I don't know whether he was a Christian or not as we were all from very respectable church going families and no one discussed the difference between upstanding church going folk and people who read their Bible during the week and committed their lives to the Lord in a serious and life changing way. Looking back I think he may have been.
In spite of the fact that he was quite well to do.....or maybe because of that fact.....he had a serious habit of giving needy people free services.
One Friday night, POH's friend called up and asked if she wanted to go along on her father's errands the next day. In those days there were no important video games to play.....no time consuming internet sites to visit, and girls didn't play any SERIOUS sports......enough to require Saturday practices or traveling games. Ah, yeah, it was a different time back in them days. Believe me, the thought of missing a piano practice and some black and white looney tunes wasn't problematic.
When they came to pick me up the car was full of supplies. I wondered a little bit what the name of this day would be but I went along....to shy to ask what was going on.
We drove and drove. About 45 minutes later we came to what I later learned was a migrant workers camp. The people there were slightly different than POH had ever seen.....their skin was darker, not black, but definitely not like the light skin that POH and her girlfriends had. Their dress was somewhat shabby but when they saw the good doctor their faces brightened up so much that their apparel was not noticable.
POH and her friend were assigned many jobs that day. Everything from taking care of small children, to doing loads and loads of laundry at the local laundramat with quarters given to us by the good doctor. At the start, POH felt a little uncomfortable.......like who are these people and why am I here? By the end of the afternoon, as the sun was beginning to wan in the west and POH could hear the faint sound of her mother's cowbell calling her home for dinner....if only in her head....we were laughing, singing, playing.......having the time of our lives.............I didn't want to leave.
When we got home I got all kinds of pats on the back from my parents and others who told me that I did "charity work". I was told how hard I worked....how I helped some "poor people" and how I was "such a good girl". Funny about that.....I thought I was just having fun.

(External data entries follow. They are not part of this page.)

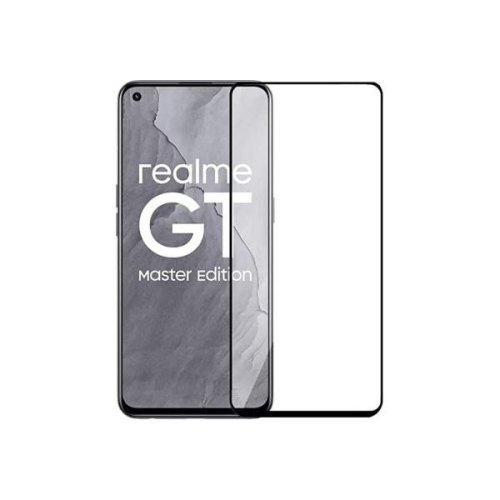 Захисне скло Full screen PowerPlant, для Realme GT Master
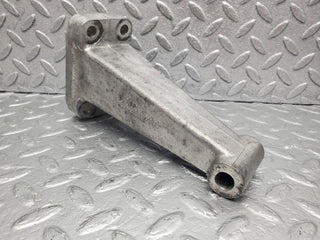 W112 engine mount bracket right side used OEM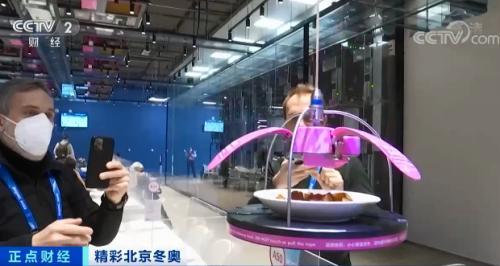 智慧餐厅平台系统，天上掉馅饼实现了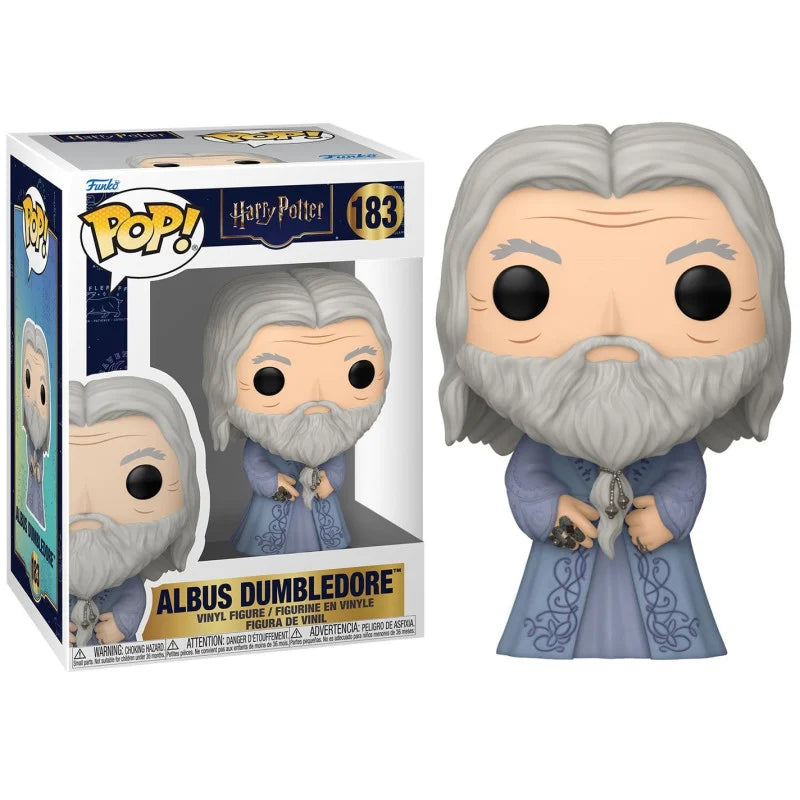 POP Harry Potter Dumbledore 183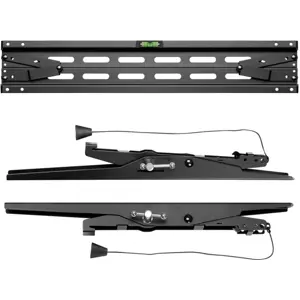 Soporte de pared inclinable para LCD de 32'' a 55'' (81 a 140 cm) - c/ Easy Release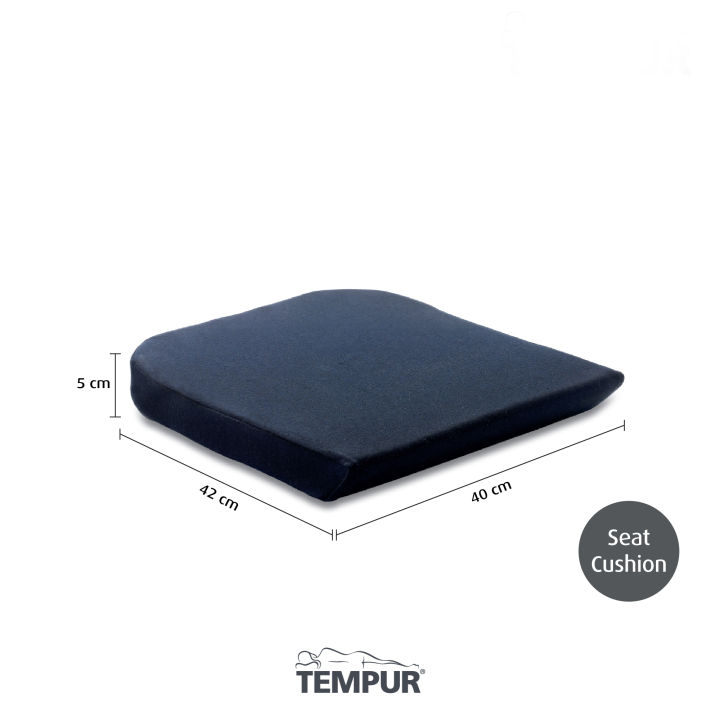 tempur-seat-cushion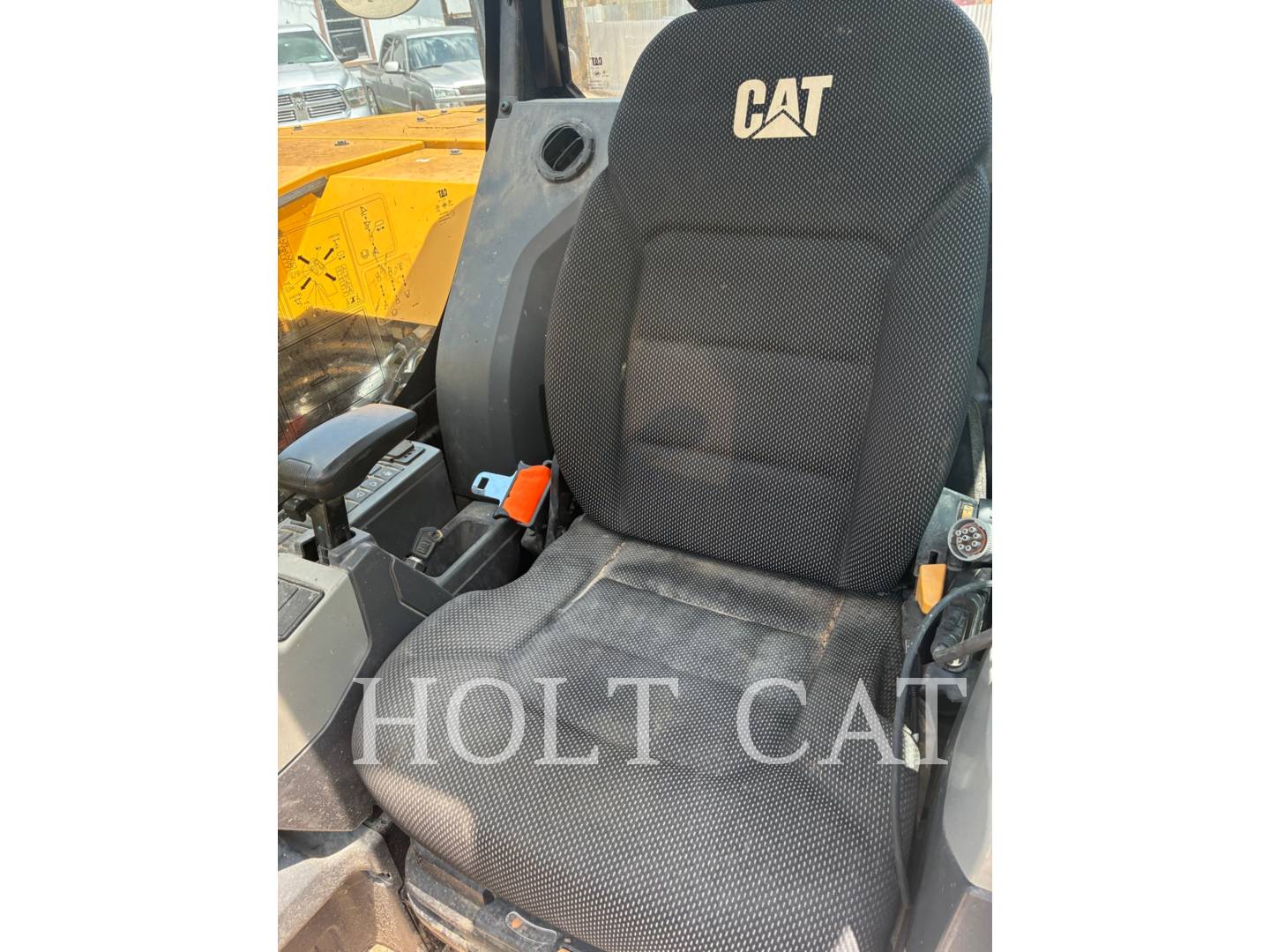 Caterpillar 307.5, 390 hours, S/N: GW703914, 2023 - Image 8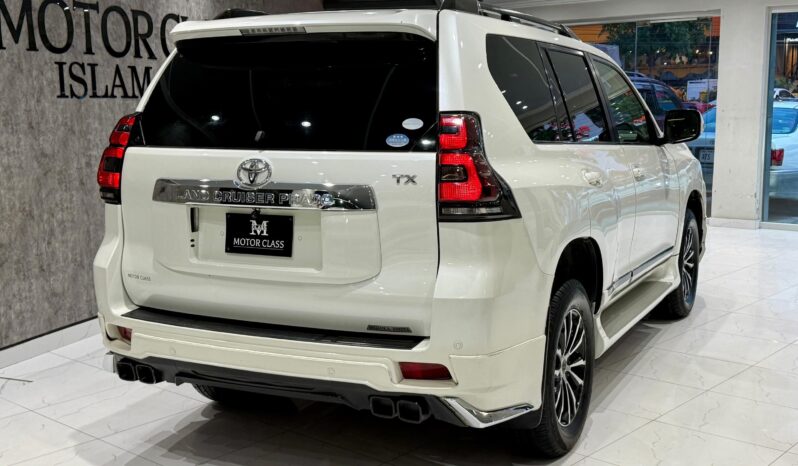 
								imported used 2011 Toyota Prado full									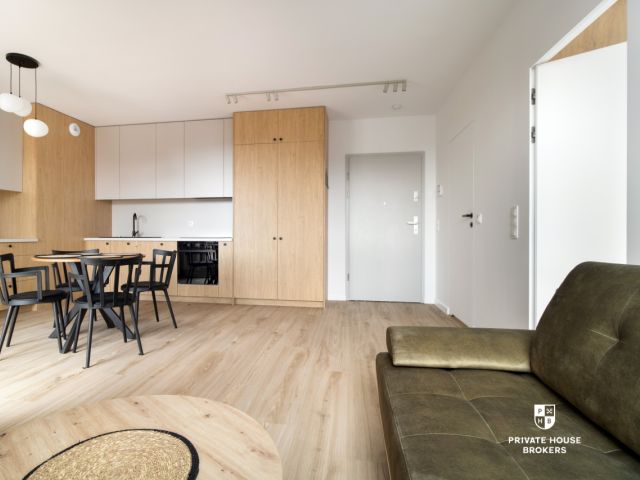 Brand new apartment in perfect location at Skladowa street - Квартира - Оренда - Kraków, Krowodrza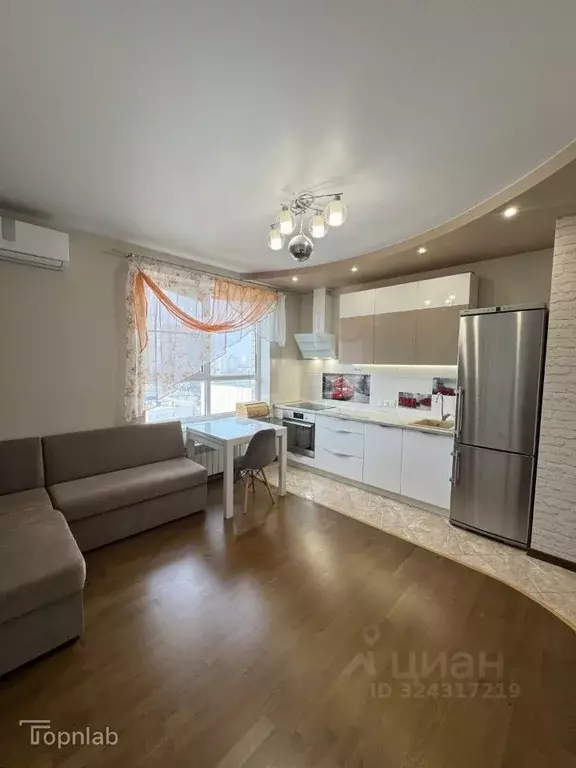 2-к кв. Волгоградская область, Волгоград Новоремесленная ул., 13 (45.0 ... - Фото 1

That Christmas.....way back in 1967....was the beginning for me, I think. The beginning of a revelation that helping people made ME happy. Happier than sitting around with my girlfriends waiting for boys to stop by, happier than playing Chess or Scrabble in front of the fire on a cold and snowy day....happier than anything I could have thought to do on that Saturday afternoon when I had nothing else to do. Even though I didn't know the verse, "It is more blessed to give than to receive", that was the first time I can truly say that I had a revelation of the awesome feeling that comes when one steps out of their selfish existance and does something for someone else. It isn't just a nice thing to do.............it's FUN!
Sometimes people still pat me on the back.....at least with their words for the life that I have led. They have even used the word "saint". Yikes.............can I just say that POH is not THAT! All I can say is that most of the time......maybe not all..........but most......it's been my pleasure. Like that day.......it's been fun.
Gotta go now......gotsta play with Gabriel. Who'da thunk at 53 life could still be so much fun?